Masuda Funai demonstrated its ability to resolve complex legal matters involving multiple practice areas and jurisdictions by obtaining the complete dismissal of Arbitration Claims, which originally alleged damages in the amount of $450M. Masuda Funai’s commercial and litigation teams obtained a dismissal with no monetary payment whatsoever to the Claimants.

A former customer of a long-time Masuda Funai client filed suit in the United States District Court for the Southern District of New York against the client, a U.S. subsidiary of a multi-national corporation, as well several internationally headquartered group companies. The lawsuit alleged that Masuda Funai’s client, its former president, and the group companies entered into a conspiracy with the customer’s lending institution which allegedly resulted in the bankruptcy and liquidation of the customer. The customer brought claims for violations of the Federal Racketeer Influenced and Corrupt Organizations Act (“RICO”), breach of contract, and common law fraud.

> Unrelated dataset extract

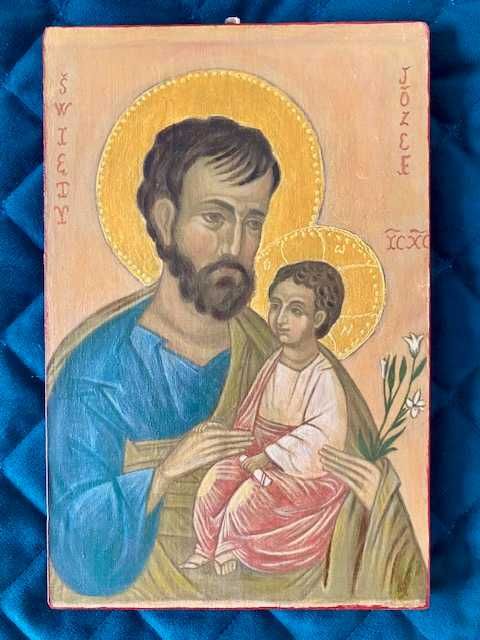 Ikona Św.Józef z Dzieciątkiem Jezus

Masuda Funai’s Joseph S. Parisi was the original drafter of the sales contract at issue in the case. Based upon the arbitration clause drafted into the contract by Mr. Parisi, the litigation team of Nancy E. Sasamoto, David J. Stein, and Jiwon J. Yhee succeeded in compelling the customer to submit all of its claims to the American Arbitration Association in Chicago. After moving the customer’s case to arbitration, the Masuda Funai team quickly obtained dismissal of the customer’s RICO claims, leaving the customer with only breach of contract and common law fraud actions against Masuda Funai’s client, its president, and the related group companies.

After nearly two and a half years of procedural wrangling, discovery disputes, and preparation for hearing, Masuda Funai’s litigators achieved a complete dismissal of the remaining claims against the client group with no settlement payment to the customer. The ability to achieve this result was largely due to the damages limitation clause contained in the contract, which barred the customer from recovery for any lost profits or other consequential or incidental damages.